▶ _What this task involves_:
What you return must match, exactly, the lines running from the one containing "Advanced Minimally Invasive" to the end of the data, both included, and must contain no pictures.

▶ _Information supplied_:
════════════════
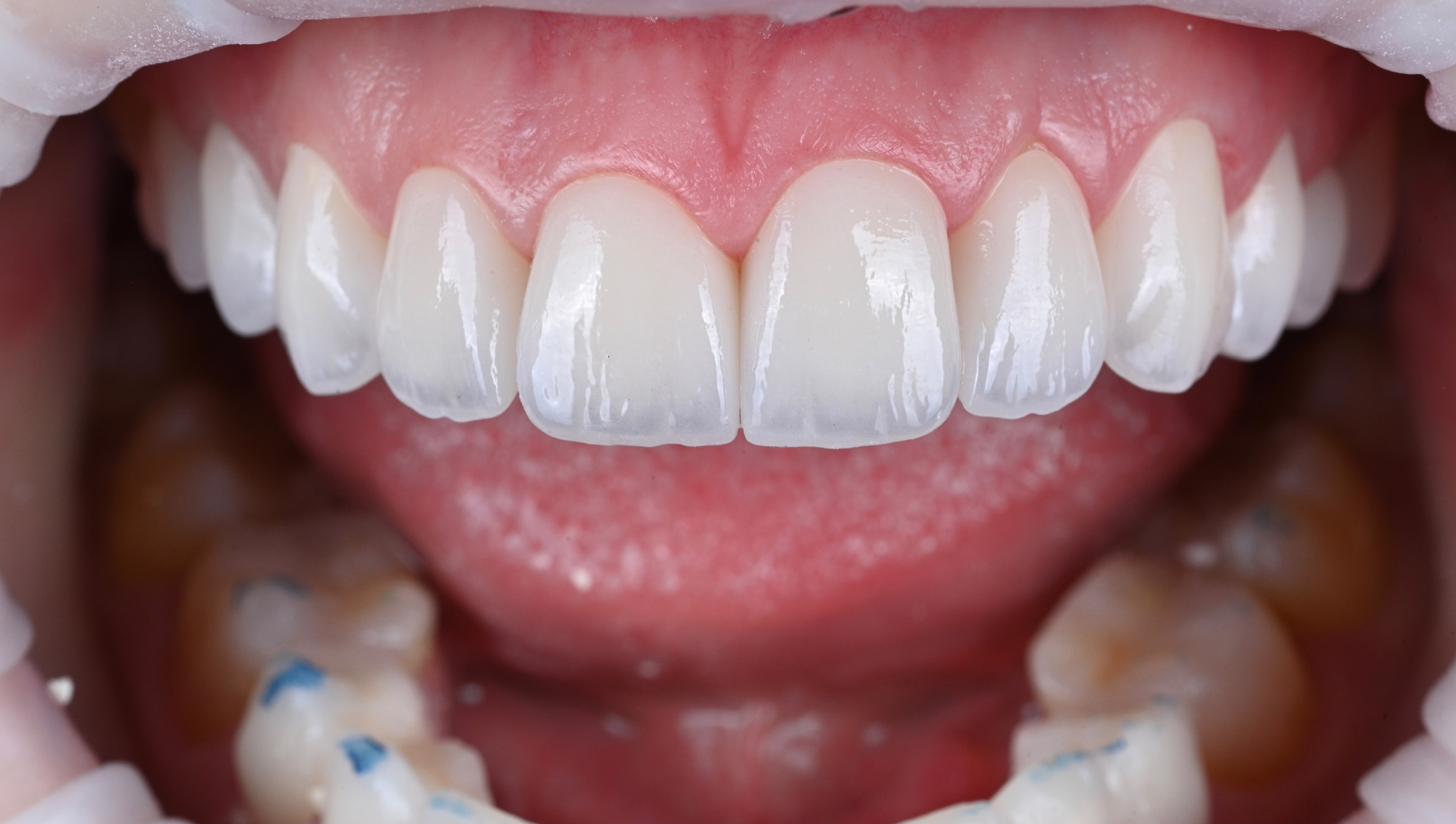 The ACE DNTL Veneer by ACE DNTL STUDIO - finished upper arch in hand-finished Prettau P4 zirconia, Marbella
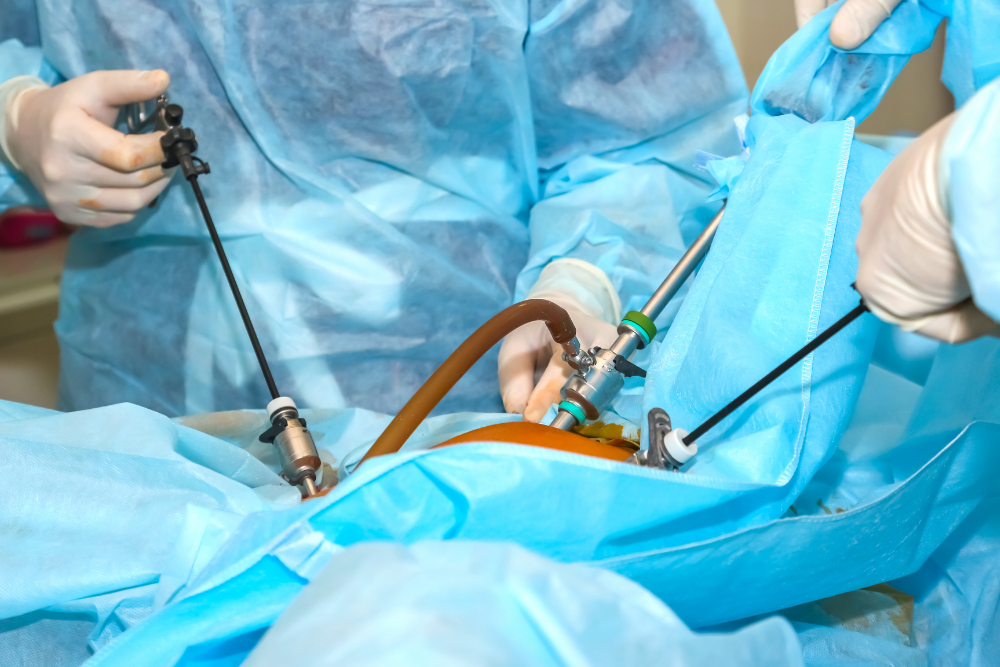 Advanced Minimally Invasive GI Procedures in Delhi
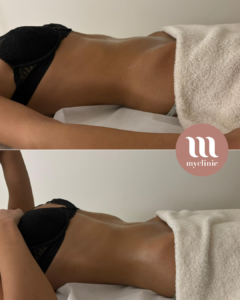Before / After - Lymphatic Drainage Renata Franca - myclinic - Tel-Aviv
════════════════
▶ _Exercise result_:
 Advanced Minimally Invasive GI Procedures in Delhi
Before / After - Lymphatic Drainage Renata Franca - myclinic - Tel-Aviv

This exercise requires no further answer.